8. Always deliver on time what you promise.
It is extremely important to deliver what you promised on time to the client. One sure-fire way to not manage clients’ expectations is to not follow through on the terms of your engagement with the client on time. If clients are like me, they expect that everything be delivered on time as promised. This is really important because you want to have credibility with your clients. Clients should always feel very important and they should feel that you really are “taking care” of them. Clients should not have to worry about you delivering on your promises. It is very unprofessional, and very unfair to the client, to over promise and under deliver. Instead, exceed clients’ expectations and over deliver — this is a wonderful way to exceed clients’ expectations and have a happy and satisfied client who will refer your services to their friends and family!
9. Ask your clients what they think.
Once your engagement with each client has come to an end, ask the client what he/she thought of your services and deliverables. This will make your customers feel valued. Importantly, you will also gain valuable insights to use as a valuable tool in your business. You may learn things from clients that will improve your business. Thus, it is important to be open and listen to the feedback from clients. After all, without clients, what do we have?
10. Thank the client.
It is important to thank your clients for their business at the end of the engagement with the client. Everyone wants to feel appreciated. Everyone loves to receive fun mail and paper thank you notes, which are quickly going extinct. A thank you is a sincere and personal way to tell the client that you appreciate them and appreciate their business. As a result, I think that it is really important to take the time to say thank you to each client expressing your appreciation, which is so often overlooked.

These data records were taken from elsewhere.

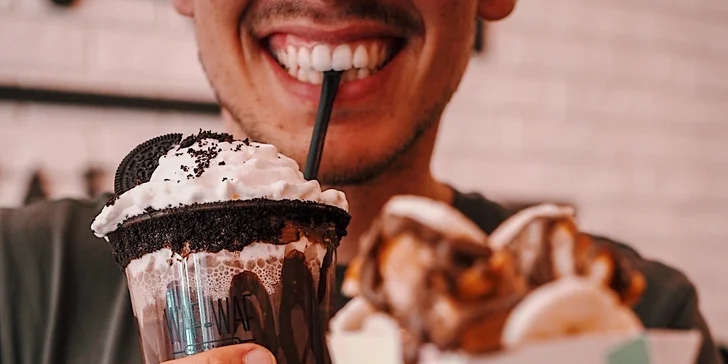 Milkshake a vafle s nutelou a banánem pro 1 nebo 2 osoby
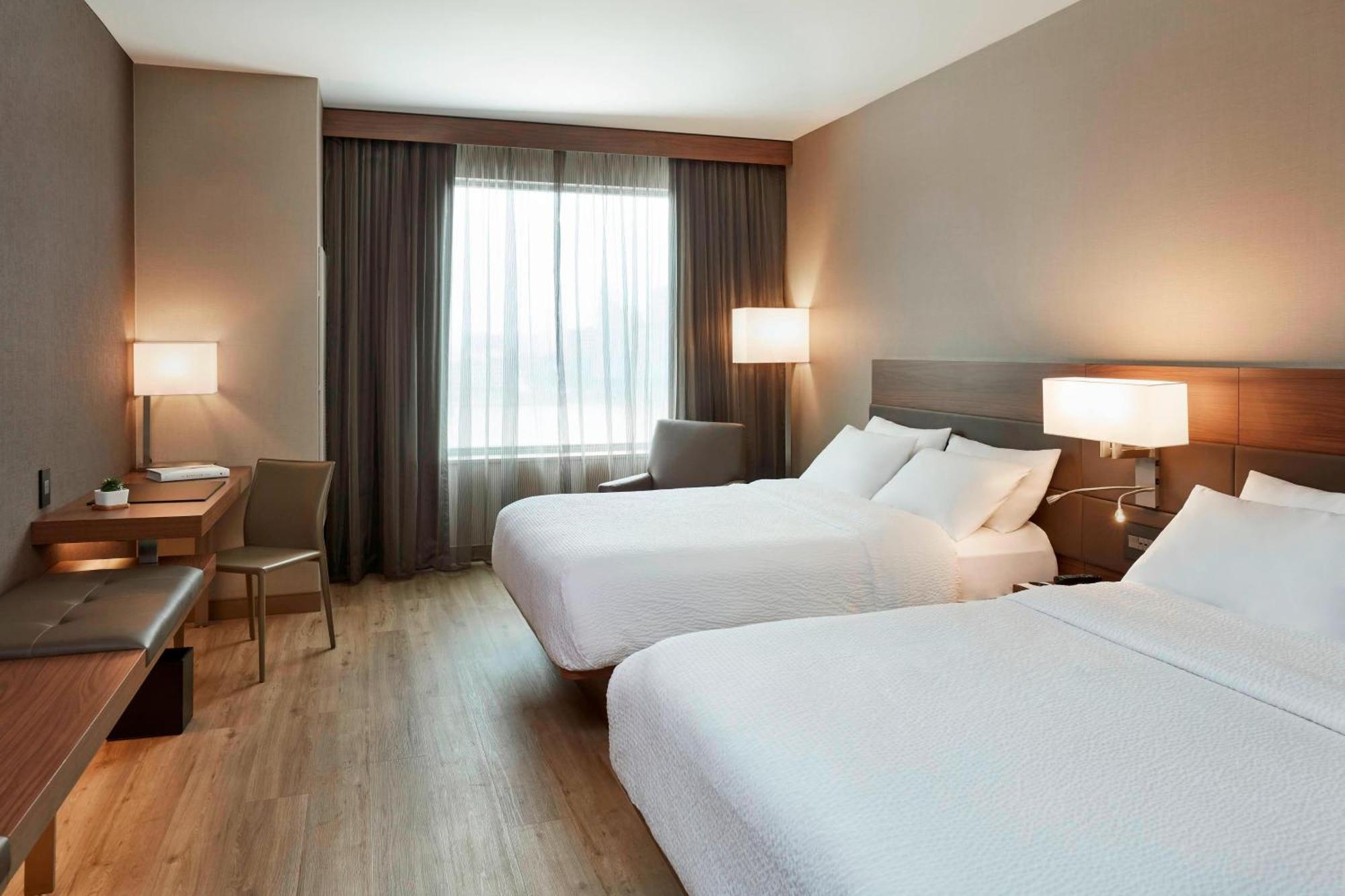 Ac Hotel By Marriott Cincinnati At The Banks Exteriör bild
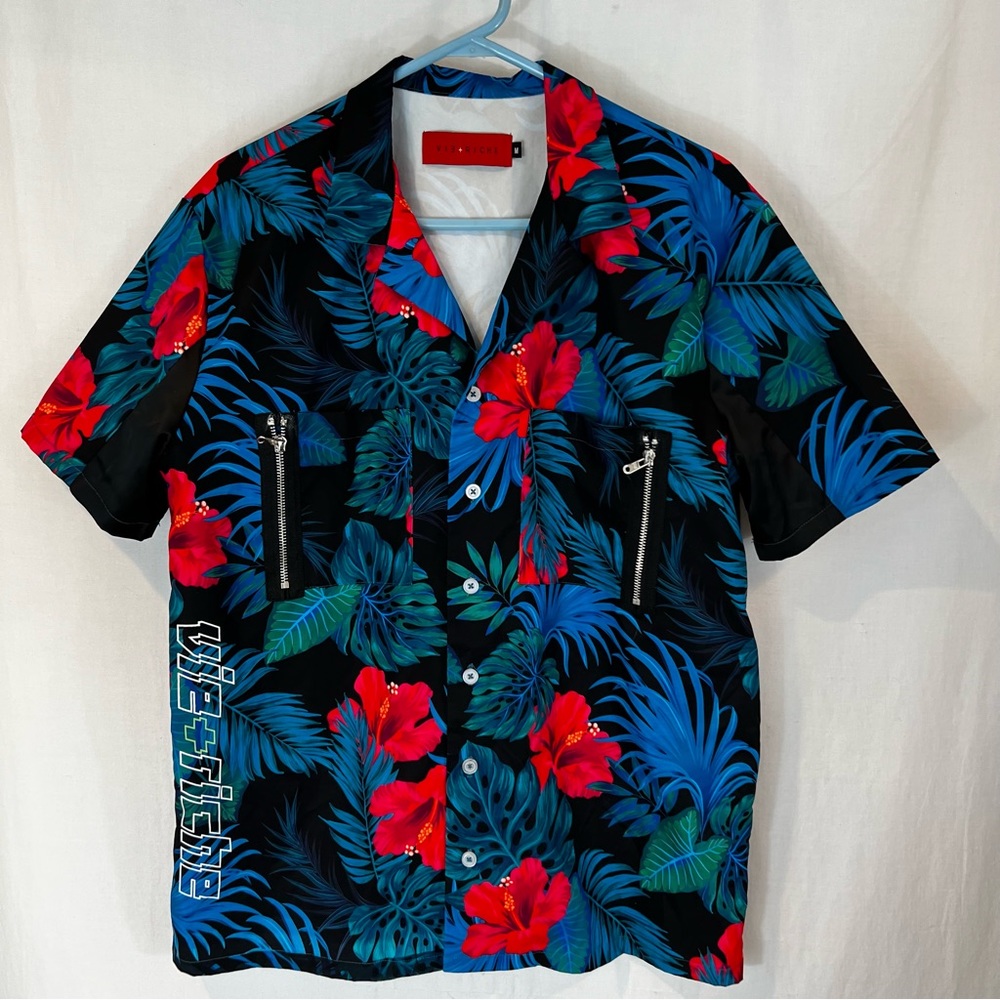 VIE+RICHE PARIS. Men’s Shirt. Sz M. Hawaiian Print.  Buttons & Sippers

In the end, you will begin to attract clients like yourself — the ideal client! Knowing your ideal client, regardless of your line of business, is a key component to growth and satisfaction. The qualities of my ideal clients are people who (1) truly value and appreciate fine art photography; (2) are selective and cannot imagine working with and hiring anyone else; (3) wants to work with someone who is detailed and organized; (4) wants a seamless and fun client experience; and (5) likes my brand and my blog. I think you achieve this type of client relationship by marketing yourself in a personal way. Eventually, you start to only attract clients that desire you, your talent, and your services, which makes for outstanding client relationships!